PROBLEM STATEMENT: The line containing "kitchen with white", plus every line that follows it to the end of the listing below, is what you transcribe exactly; omit all pictures.

---------- GIVEN INFORMATION ----------

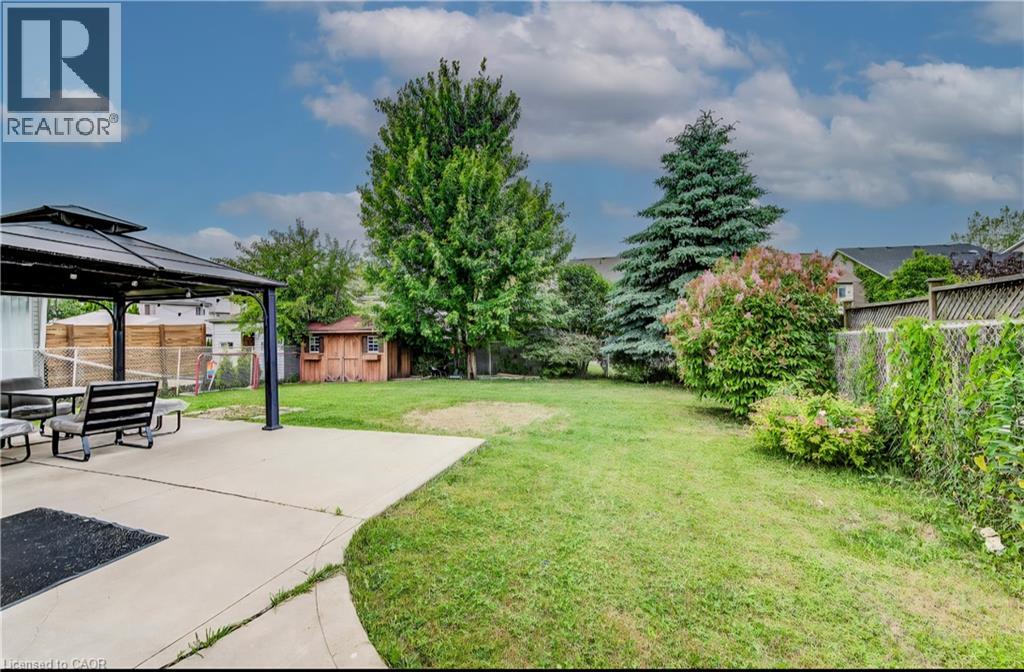 A backyard with a picnic table and a gazebo.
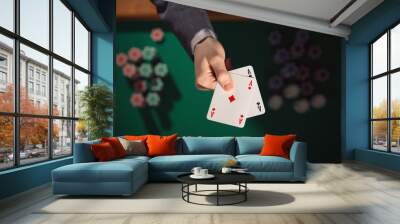 Poker player holding two aces Wall mural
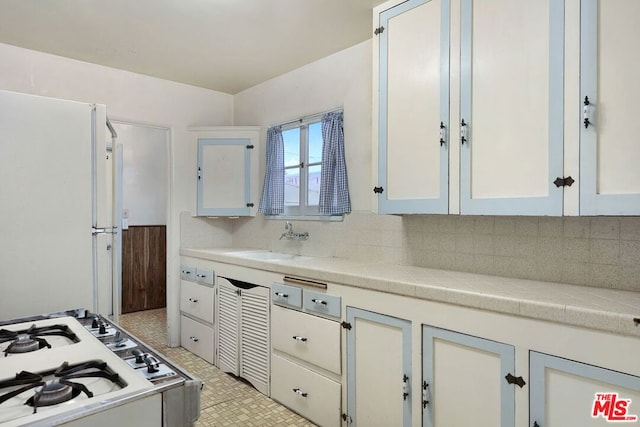 kitchen with white cabinetry, white fridge, sink, and backsplash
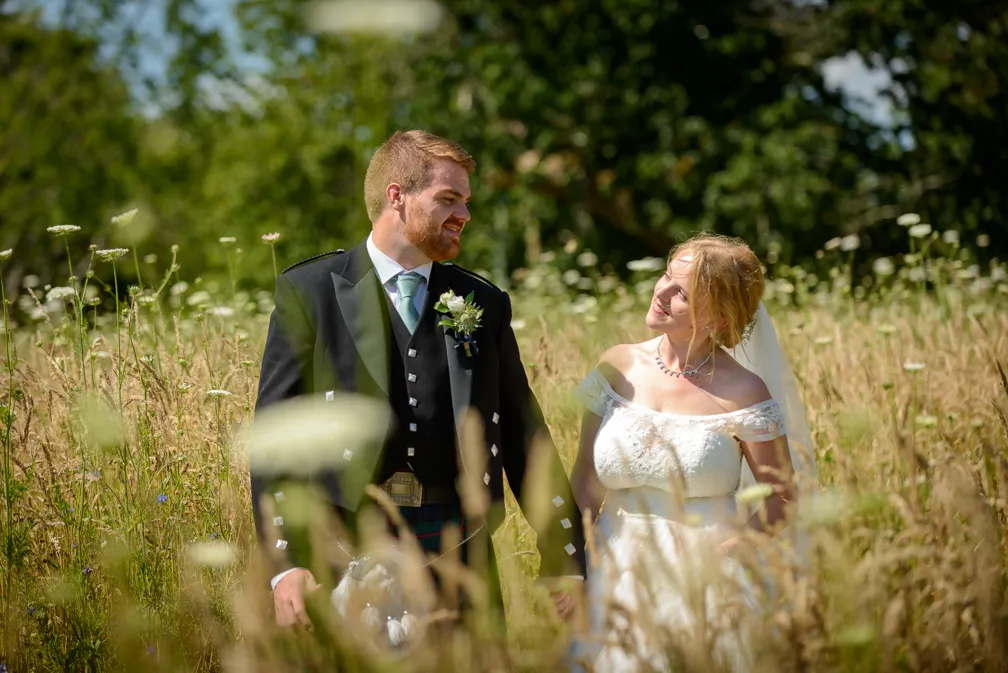 St Tewdrics House wedding bride & groom walking in garden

----------

PROBLEM SOLUTION:
 kitchen with white cabinetry, white fridge, sink, and backsplash
 St Tewdrics House wedding bride & groom walking in garden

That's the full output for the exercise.